View Issue vol. 11, no. 2
ISSN 2369-6516 (Print)
ISSN 2369-6524 (Online)
Select the author’s name to view a short biography (if supplied) and all poems by that author.
Georgia Atkin – Write On
Janet Brush – Reading on the Bus
Normand Carrey – The Show is Coming to an End
Rachel Cooke – Eighteen
David Du – A song of travelers
Harry Garrison – ❤ A Poem Made Out Of Hearts ❤
Greg Goubko – Bobo-Beebop-Scoo
Scot Jamieson – January
Ian Johnson – A List is Only a List
Logan Lawrence – Chris is a pseudonym
Scott Lynch – just an appetite for life
Mike McFetridge – People, What Cha Thinkin’

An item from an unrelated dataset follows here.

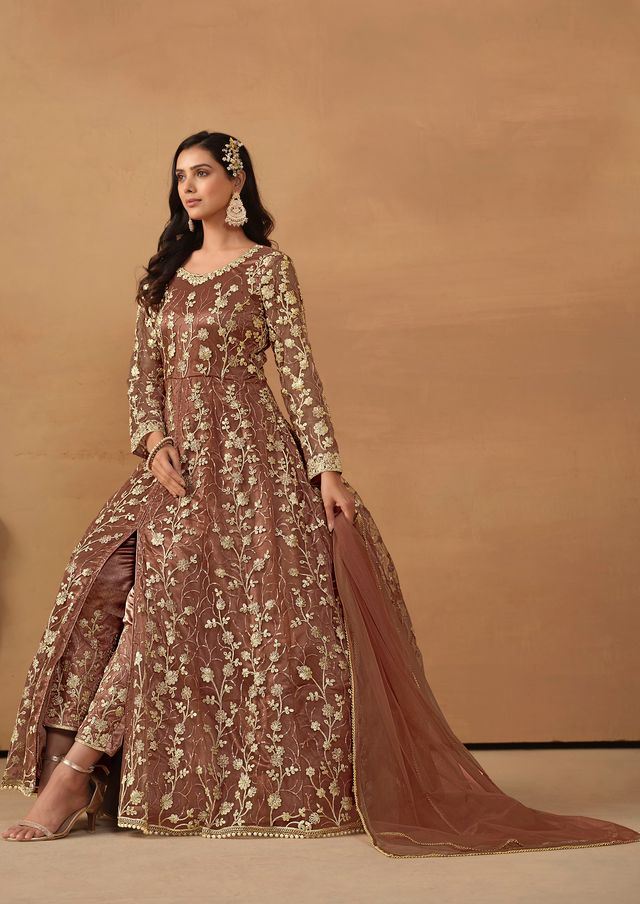 Brown Anarkali Suit With Heavy Thread Embroidery With Sequis Work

Elizabeth Myers – The Housing Dilemma
Chinenye ‘Zabrain’ Ndulue – Another Valentine
Matthew Rooney – Troilus
Nathaniel S. Rounds – When I’m Ready To Die
Devin Slawter – I Now Know What I Must Do
Rod Stewart – Having Read Your X’s
Blynn Teeft – Your Time
Gordon Young – Zoo
Your Time
Poem by Blynn Teeft
You’re truly an amazing person,
strong, smart and wise.
Your beauty comes from inside,
shining brightly on the outside
You are a conqueror
who passes strength to others
Stand tall and proud
you’ve made so much happen
you’ve inspired so many
Now it’s time for you to shine
Turn your fear into courage
and free the beast within
You made this happen
have a little faith in you,
like you have in all of us.
Reading on the Bus
Poem by Janet Brush
As the bus pulls away
I pull out my book.
Bright sunshine floods in,
Illumines the page.
We pass a tall building,
the page is plunged into shade.
Then sudden sunlight again,
then another building.
Again and again this happens.
The words blur and fade
with each transition.
These old tired eyes won’t travel
from light to shade back to light,
won’t focus in an instant.
How did people manage
with only candlelight?
Milton, a scholar and a poet,
read hundreds of books,
millions of words, gradually going blind.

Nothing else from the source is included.